REQUIRED WORK
Your answer should be only the lines below from the one with "Parche bordado bandera" to the one with "Filtros da janela Escolher do banco", repeated exactly, ends included.

Crawled caption data
+---+

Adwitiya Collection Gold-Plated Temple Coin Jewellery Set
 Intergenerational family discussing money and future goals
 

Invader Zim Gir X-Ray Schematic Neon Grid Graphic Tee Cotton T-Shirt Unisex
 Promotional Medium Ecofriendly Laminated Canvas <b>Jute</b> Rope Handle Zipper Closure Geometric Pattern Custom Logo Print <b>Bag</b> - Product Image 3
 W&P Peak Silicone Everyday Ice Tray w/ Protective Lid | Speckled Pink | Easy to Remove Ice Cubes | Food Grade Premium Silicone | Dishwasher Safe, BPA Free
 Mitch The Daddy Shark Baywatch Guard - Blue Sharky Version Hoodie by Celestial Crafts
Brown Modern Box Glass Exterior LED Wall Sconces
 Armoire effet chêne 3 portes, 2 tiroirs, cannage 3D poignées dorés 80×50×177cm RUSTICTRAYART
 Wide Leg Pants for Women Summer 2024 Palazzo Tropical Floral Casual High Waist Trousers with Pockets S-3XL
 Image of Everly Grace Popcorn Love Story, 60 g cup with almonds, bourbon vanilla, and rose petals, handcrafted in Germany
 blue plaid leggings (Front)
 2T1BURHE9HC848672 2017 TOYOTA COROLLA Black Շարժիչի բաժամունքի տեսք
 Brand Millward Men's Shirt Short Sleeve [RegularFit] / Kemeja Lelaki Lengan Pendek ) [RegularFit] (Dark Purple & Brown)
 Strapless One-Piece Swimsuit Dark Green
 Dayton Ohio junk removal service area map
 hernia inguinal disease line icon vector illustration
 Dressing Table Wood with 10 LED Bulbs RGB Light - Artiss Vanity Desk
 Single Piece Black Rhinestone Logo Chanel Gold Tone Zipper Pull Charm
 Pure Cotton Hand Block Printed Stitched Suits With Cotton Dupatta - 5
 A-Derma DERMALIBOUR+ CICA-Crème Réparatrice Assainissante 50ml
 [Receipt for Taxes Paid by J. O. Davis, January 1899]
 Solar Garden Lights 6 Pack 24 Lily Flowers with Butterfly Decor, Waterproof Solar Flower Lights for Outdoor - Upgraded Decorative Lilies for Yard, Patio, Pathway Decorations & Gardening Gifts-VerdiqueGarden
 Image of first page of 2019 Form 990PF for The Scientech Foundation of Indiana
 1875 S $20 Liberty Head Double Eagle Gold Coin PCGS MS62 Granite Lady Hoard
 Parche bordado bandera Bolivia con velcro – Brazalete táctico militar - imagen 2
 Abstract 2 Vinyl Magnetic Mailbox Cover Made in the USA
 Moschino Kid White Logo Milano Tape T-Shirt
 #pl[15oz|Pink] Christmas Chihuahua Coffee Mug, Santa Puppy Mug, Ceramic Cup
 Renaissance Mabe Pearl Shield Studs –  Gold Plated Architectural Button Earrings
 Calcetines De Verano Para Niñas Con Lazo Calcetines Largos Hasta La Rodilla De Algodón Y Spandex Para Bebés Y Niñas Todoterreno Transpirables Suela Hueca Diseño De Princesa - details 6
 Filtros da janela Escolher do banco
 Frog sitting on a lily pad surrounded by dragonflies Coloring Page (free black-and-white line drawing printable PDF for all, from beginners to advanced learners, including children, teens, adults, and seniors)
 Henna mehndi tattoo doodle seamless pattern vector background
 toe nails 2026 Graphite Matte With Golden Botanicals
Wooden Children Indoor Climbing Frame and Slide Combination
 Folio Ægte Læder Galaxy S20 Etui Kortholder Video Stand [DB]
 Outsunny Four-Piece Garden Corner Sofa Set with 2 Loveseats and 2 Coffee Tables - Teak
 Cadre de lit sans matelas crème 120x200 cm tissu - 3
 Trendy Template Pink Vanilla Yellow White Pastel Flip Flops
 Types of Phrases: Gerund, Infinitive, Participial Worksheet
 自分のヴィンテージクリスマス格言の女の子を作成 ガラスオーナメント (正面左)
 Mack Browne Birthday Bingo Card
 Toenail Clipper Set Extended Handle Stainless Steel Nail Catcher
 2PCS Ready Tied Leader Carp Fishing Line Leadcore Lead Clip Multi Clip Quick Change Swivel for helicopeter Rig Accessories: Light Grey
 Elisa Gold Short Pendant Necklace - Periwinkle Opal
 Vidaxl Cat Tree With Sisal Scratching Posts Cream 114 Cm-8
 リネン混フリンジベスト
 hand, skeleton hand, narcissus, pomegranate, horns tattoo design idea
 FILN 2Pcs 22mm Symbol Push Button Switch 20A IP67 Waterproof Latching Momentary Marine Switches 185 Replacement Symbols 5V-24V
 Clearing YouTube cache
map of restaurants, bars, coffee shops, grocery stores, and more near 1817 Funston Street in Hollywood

+---+

RESULT OF THIS TASK
 Parche bordado bandera Bolivia con velcro – Brazalete táctico militar - imagen 2
 Abstract 2 Vinyl Magnetic Mailbox Cover Made in the USA
 Moschino Kid White Logo Milano Tape T-Shirt
 #pl[15oz|Pink] Christmas Chihuahua Coffee Mug, Santa Puppy Mug, Ceramic Cup
 Renaissance Mabe Pearl Shield Studs –  Gold Plated Architectural Button Earrings
 Calcetines De Verano Para Niñas Con Lazo Calcetines Largos Hasta La Rodilla De Algodón Y Spandex Para Bebés Y Niñas Todoterreno Transpirables Suela Hueca Diseño De Princesa - details 6
 Filtros da janela Escolher do banco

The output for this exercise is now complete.